Matthew’s Gospel contains the most direct teachings of Jesus. I love the Sermon on the Mount because we learn how to follow Him. Here’s the instructions (or recipe) that speaks the most to Matthew himself as he journeyed from tax collector, through Jesus’s miraculous ministry, to first draft gospel writer:

You are the light of the world. A city built on a hill cannot be hidden. Neither do people light a lamp and put it under a bowl. Instead they put it on its stand, and it gives light to everyone in the house.

In the same way, let your light shine before others, that they may see your good deeds and glorify your Father in heaven. – Matthew 5:14-16

Tradition holds that Matthew died a martyr and perhaps the events of his death looked something like this:


Matthew celebrated his calling by hosting a banquet and inviting all his friends to meet Jesus. He invited his friends to meet Jesus for a meal. He invited his friends to meet Jesus at the Communion Table. You see where I’m going with this, yes? Be like Matthew.

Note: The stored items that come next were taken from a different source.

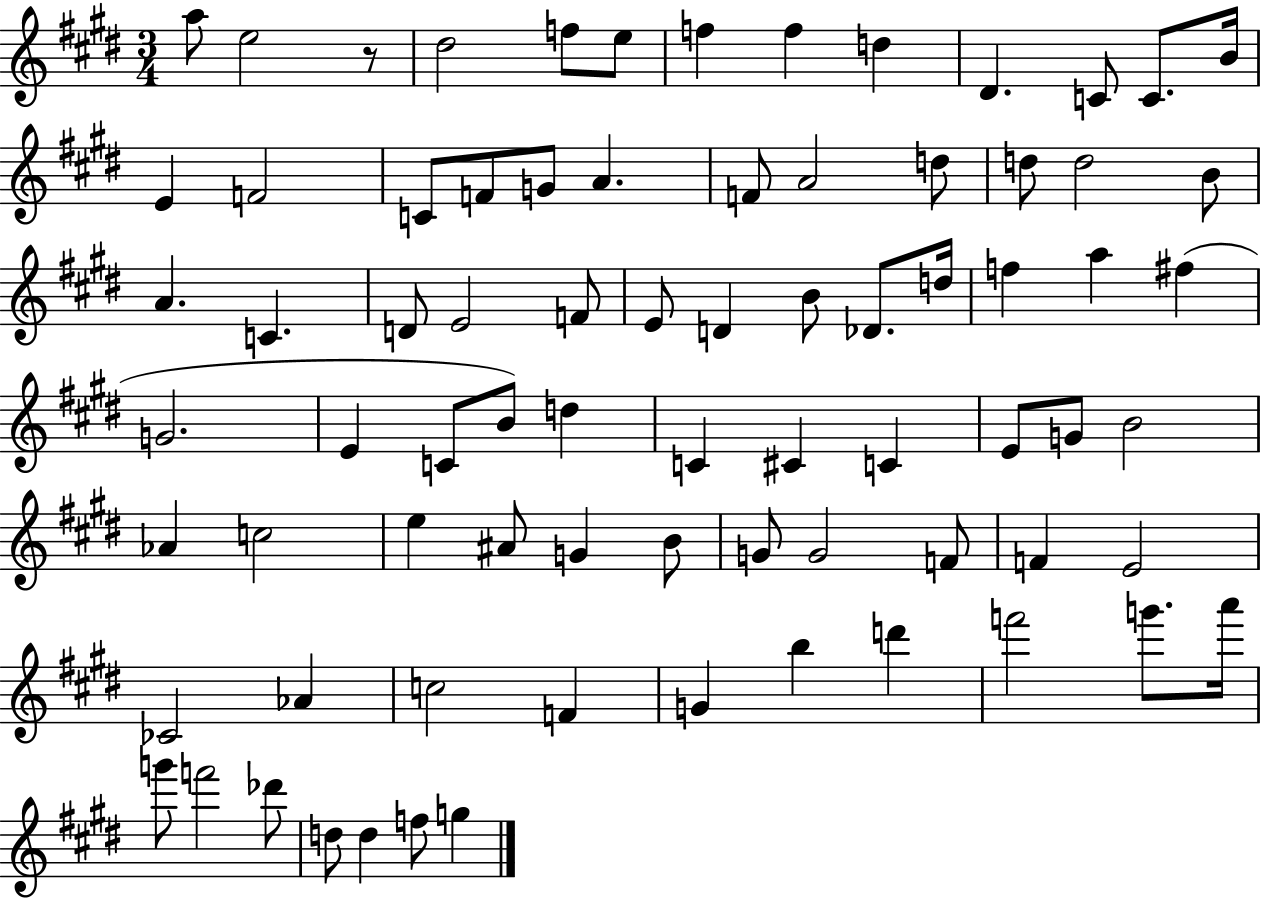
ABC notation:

X:1
T:Untitled
M:3/4
L:1/4
K:E
a/2 e2 z/2 ^d2 f/2 e/2 f f d ^D C/2 C/2 B/4 E F2 C/2 F/2 G/2 A F/2 A2 d/2 d/2 d2 B/2 A C D/2 E2 F/2 E/2 D B/2 _D/2 d/4 f a ^f G2 E C/2 B/2 d C ^C C E/2 G/2 B2 _A c2 e ^A/2 G B/2 G/2 G2 F/2 F E2 _C2 _A c2 F G b d' f'2 g'/2 a'/4 g'/2 f'2 _d'/2 d/2 d f/2 g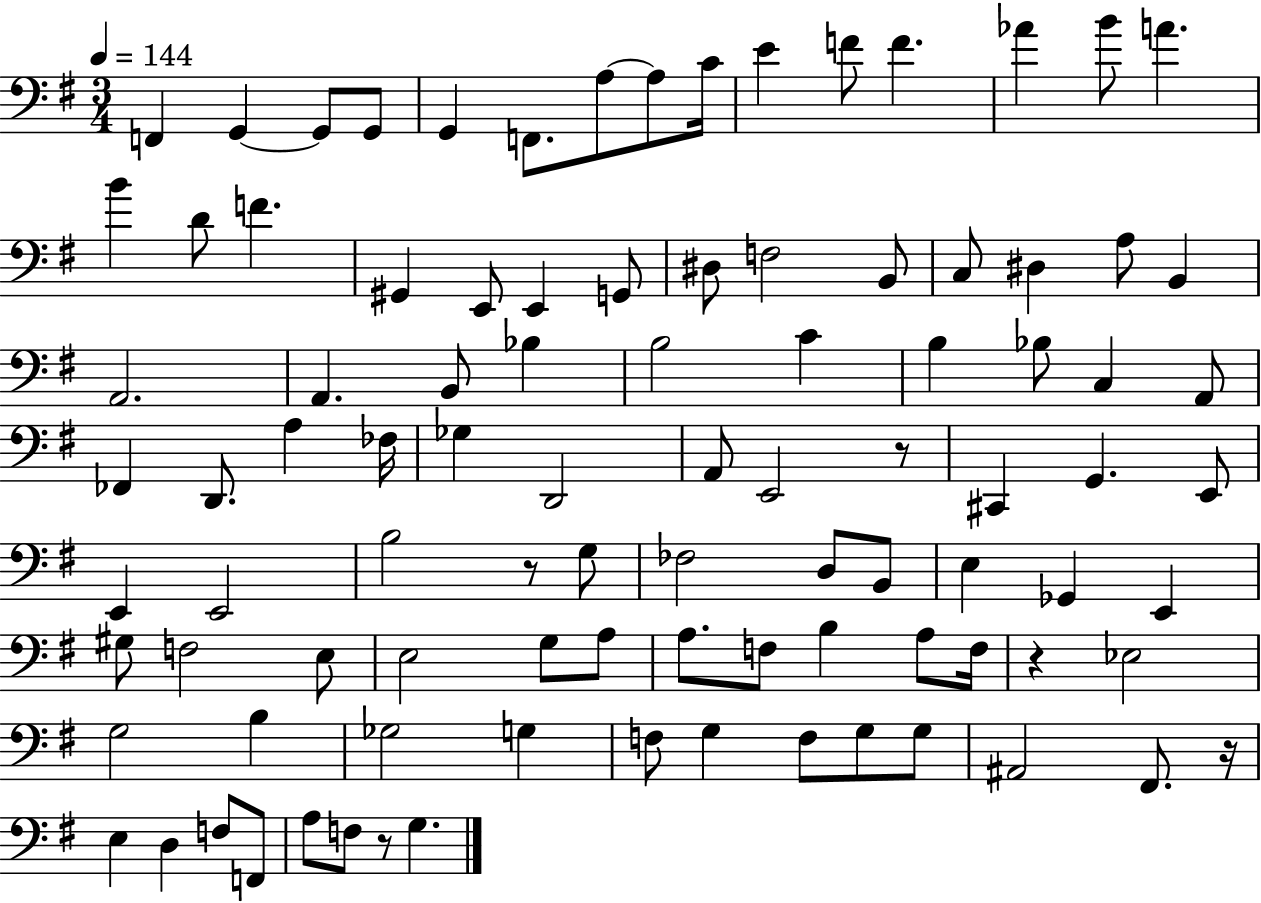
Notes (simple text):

F2/q G2/q G2/e G2/e G2/q F2/e. A3/e A3/e C4/s E4/q F4/e F4/q. Ab4/q B4/e A4/q. B4/q D4/e F4/q. G#2/q E2/e E2/q G2/e D#3/e F3/h B2/e C3/e D#3/q A3/e B2/q A2/h. A2/q. B2/e Bb3/q B3/h C4/q B3/q Bb3/e C3/q A2/e FES2/q D2/e. A3/q FES3/s Gb3/q D2/h A2/e E2/h R/e C#2/q G2/q. E2/e E2/q E2/h B3/h R/e G3/e FES3/h D3/e B2/e E3/q Gb2/q E2/q G#3/e F3/h E3/e E3/h G3/e A3/e A3/e. F3/e B3/q A3/e F3/s R/q Eb3/h G3/h B3/q Gb3/h G3/q F3/e G3/q F3/e G3/e G3/e A#2/h F#2/e. R/s E3/q D3/q F3/e F2/e A3/e F3/e R/e G3/q.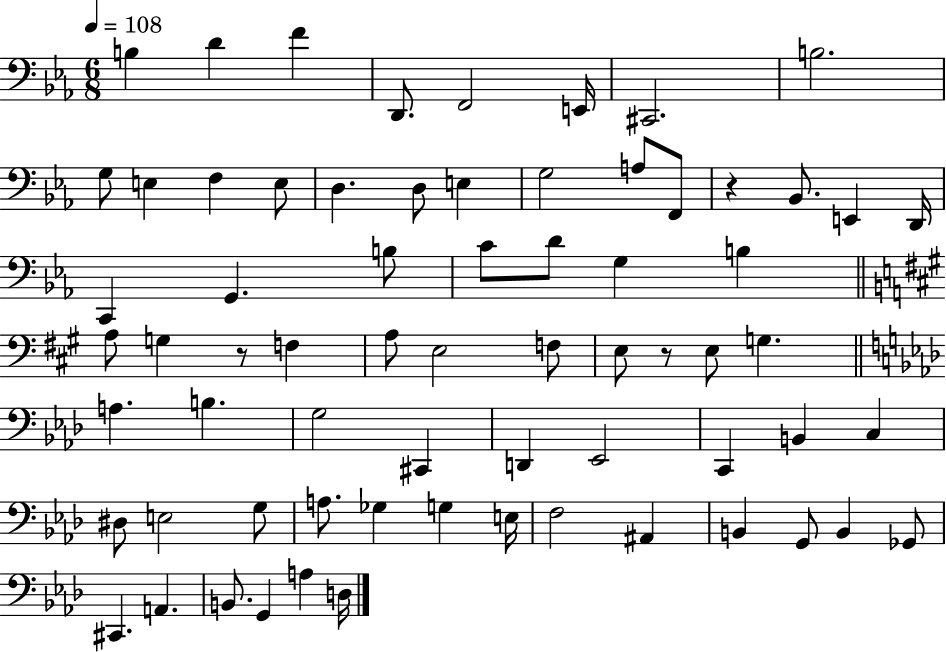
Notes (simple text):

B3/q D4/q F4/q D2/e. F2/h E2/s C#2/h. B3/h. G3/e E3/q F3/q E3/e D3/q. D3/e E3/q G3/h A3/e F2/e R/q Bb2/e. E2/q D2/s C2/q G2/q. B3/e C4/e D4/e G3/q B3/q A3/e G3/q R/e F3/q A3/e E3/h F3/e E3/e R/e E3/e G3/q. A3/q. B3/q. G3/h C#2/q D2/q Eb2/h C2/q B2/q C3/q D#3/e E3/h G3/e A3/e. Gb3/q G3/q E3/s F3/h A#2/q B2/q G2/e B2/q Gb2/e C#2/q. A2/q. B2/e. G2/q A3/q D3/s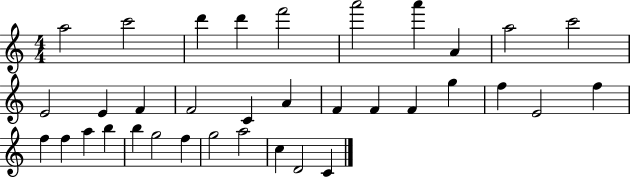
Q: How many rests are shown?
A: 0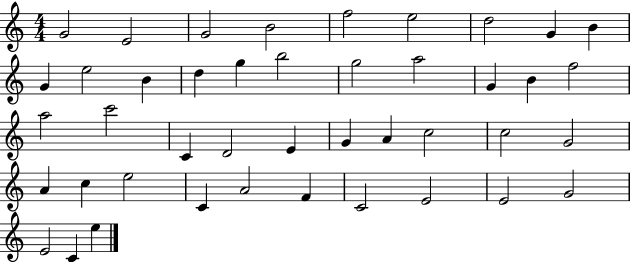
G4/h E4/h G4/h B4/h F5/h E5/h D5/h G4/q B4/q G4/q E5/h B4/q D5/q G5/q B5/h G5/h A5/h G4/q B4/q F5/h A5/h C6/h C4/q D4/h E4/q G4/q A4/q C5/h C5/h G4/h A4/q C5/q E5/h C4/q A4/h F4/q C4/h E4/h E4/h G4/h E4/h C4/q E5/q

Invite those who are looking to your church. It’s easier than you think. But, more importantly, celebrate your relationship with Jesus Christ by inviting people into relationship with you as you shine your inner light of Jesus out to all those around you in a love-your-neighbor-as-yourself kind of way.

We thank thee, heavenly Father, for the witness of thine apostle and evangelist Matthew to the Gospel of thy Son our Savior; and we pray that, after his example, we may with ready wills and hearts obey the calling of our Lord to follow him; through Jesus Christ our Lord, who liveth and reigneth with thee and the Holy Spirit, one God, now and for ever. Amen. — Collect, Book of Common Prayer

Let’s celebrate St. Matthew the Apostle and Evangelist as he once celebrated with his new and old friends by baking something fancy with ingredients* like those that would have been available in first century Galilee:



2 cups all-purpose flour

1 cup sugar

1/4 teaspoon salt

1 stick (1/2 cup) cold butter

1 large cold egg

1 teaspoon fresh-squeezed lemon juice

1 teaspoon vanilla

Grease two 12-cup tartlet or muffin pans.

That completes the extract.